Perso ils sont dans le bas de mon meuble de cuisine mais je précise qu'il y a une barrière pour y accéder et la puer à mon dernier renouvellement il y a 5 ans n'a pas insisté ! barrière = on ne rentre pas !!!


----------



## Petuche (1 Novembre 2022)

Pour moi les produits ménagers ont toujours été en hauteur avec porte fermée, quelque soit l'âge des enfants. C'est une habitude et je procedais déjà comme ça lorsque mes propres enfants étaient petits.  A chacun de mes renouvellements la puer me demande où sont mes produits, je lui montre et là c'est ok. Je pense que c'est une sécurité.


----------



## nounoucat1 (1 Novembre 2022)

Bonsoir des le début de mon activité il y a 18 ans la puer a été très stricte sur les produits.
Dans les toilettes une jolie étagère de coin pour le produit WC et un miroir avec tablette pour le deodorisant tout en hauteur. 
Pour les produits d'entretien un placard au dessus du frigo . Et certains produits au garage ou jamais un enfant ne va .
Les puer par chez nous font aussi la chasse aux couteaux mais au quotidien ils sont dans un tiroir pas bien haut pour le rdv de renouvellement Ils rejoignent les produits en hauteur ou dans le buffet qui ferme à clé.
Jamais un accueilli n'a été seul dans ma cuisine et jamais un seul n'a seulement essayé de toucher les placards et tiroirs. 
Quand je m'occupais de pirates en début de carrière il m'arrivait même de fermer a clé la porte de cuisine quand nous avions rien a y faire. Le buffet de la salle pareil portes fermées à clé et clés posées au dessus. 
Après je n'ai travaillé qu'avec des moins de 3ans


----------



## angèle1982 (1 Novembre 2022)

Re. je suis tout à fait d'accord avec la sécurité un accident est si vite arrivé ! mais quand on nous oblige à poser une barrière pour aller à la cuisine et bien je regrette mes couteaux et mes produits restent là où ils se trouvent puisque barrière il y a !!! j'ai même une collègue qui ne retirent RIEN et les petits vivent dans sa cuisine aucune barrière ! il suffit aussi de bien les éduquer avec çà ... chez eux ils ouvrent tout mais chez nounou ils ne touchent à rien ...


----------



## Titine15 (1 Novembre 2022)

Bsr
Chez moi pas de barrière dans la cuisine, et bien les petits n'ont jamais ouvert les placards même du salon d'ailleurs. Des leur arrivée, je leur explique que dans les placards ce sont les affaires à Nounou et qu'ils n'ont pas le droit de les ouvrir et en 9 ans jamais eu de soucis. Bon des fois certains tantent mais ils comprennent vote fait que c'est interdit.
Bonne soirée


----------



## assmatzam (2 Novembre 2022)

Bonjour 

Ma puériculture m'avait fait la même remarque il y a quelques temps 
Mes produits d'entretien sont sous l'évier 

Mais j'ai une barrière de sécurité et une porte a ma cuisine donc je ne vois pas comment un enfant pourrait y rentrer ??? 

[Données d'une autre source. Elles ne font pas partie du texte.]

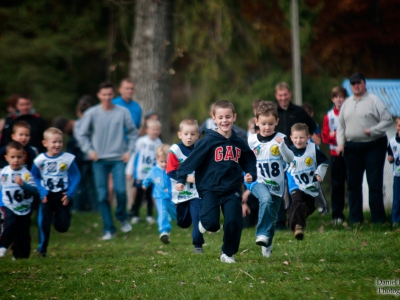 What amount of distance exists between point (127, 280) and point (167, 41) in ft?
37.7

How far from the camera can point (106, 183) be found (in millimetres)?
13133

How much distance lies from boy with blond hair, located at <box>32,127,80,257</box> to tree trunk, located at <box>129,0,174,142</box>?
7977 millimetres

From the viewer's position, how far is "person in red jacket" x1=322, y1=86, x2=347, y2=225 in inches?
480

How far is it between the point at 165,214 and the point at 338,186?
3246 millimetres

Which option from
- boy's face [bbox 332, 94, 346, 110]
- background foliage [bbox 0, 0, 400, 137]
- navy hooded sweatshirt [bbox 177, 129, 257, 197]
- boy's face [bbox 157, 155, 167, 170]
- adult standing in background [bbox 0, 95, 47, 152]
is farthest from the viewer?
background foliage [bbox 0, 0, 400, 137]

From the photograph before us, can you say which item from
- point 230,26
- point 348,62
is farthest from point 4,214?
point 348,62

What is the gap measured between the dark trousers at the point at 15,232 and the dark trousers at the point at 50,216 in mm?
248

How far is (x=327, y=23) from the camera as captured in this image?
23031 mm

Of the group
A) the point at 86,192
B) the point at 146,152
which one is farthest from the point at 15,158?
the point at 86,192

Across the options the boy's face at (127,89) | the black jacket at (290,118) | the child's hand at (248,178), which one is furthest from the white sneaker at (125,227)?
the child's hand at (248,178)

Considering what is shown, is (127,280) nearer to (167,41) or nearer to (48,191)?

Elle ne m'a pas demandé de les mettre en hauteur mais de sécurisé le placard avec un bloc porte 

J'avoue ne pas l'avoir fait car il ne faut pas exagéré non plus 

Je refais ma cuisine en décembre je verrais ça à ce moment là car mon renouvellement est prévu pour avril 2023


----------



## ChantalGoya (2 Novembre 2022)

Bonjour

J'ai une grande pièce à vivre avec cuisine ouverte.
Les produits simples (produits vaisselles, bicarbonate, savon noir...) sont sous l'évier avec bloc porte qui ne s'ouvre que de l'intérieur, même moi j'ai dû mal parfois à glisser mes doigts.
Ma puer a toujours validé parce que la pièce permet de voir qui approche des placards 😉

Les autres produits type nettoyants WC, alcool ménager.... sont sur une étagère à raz le plafond dans le WC.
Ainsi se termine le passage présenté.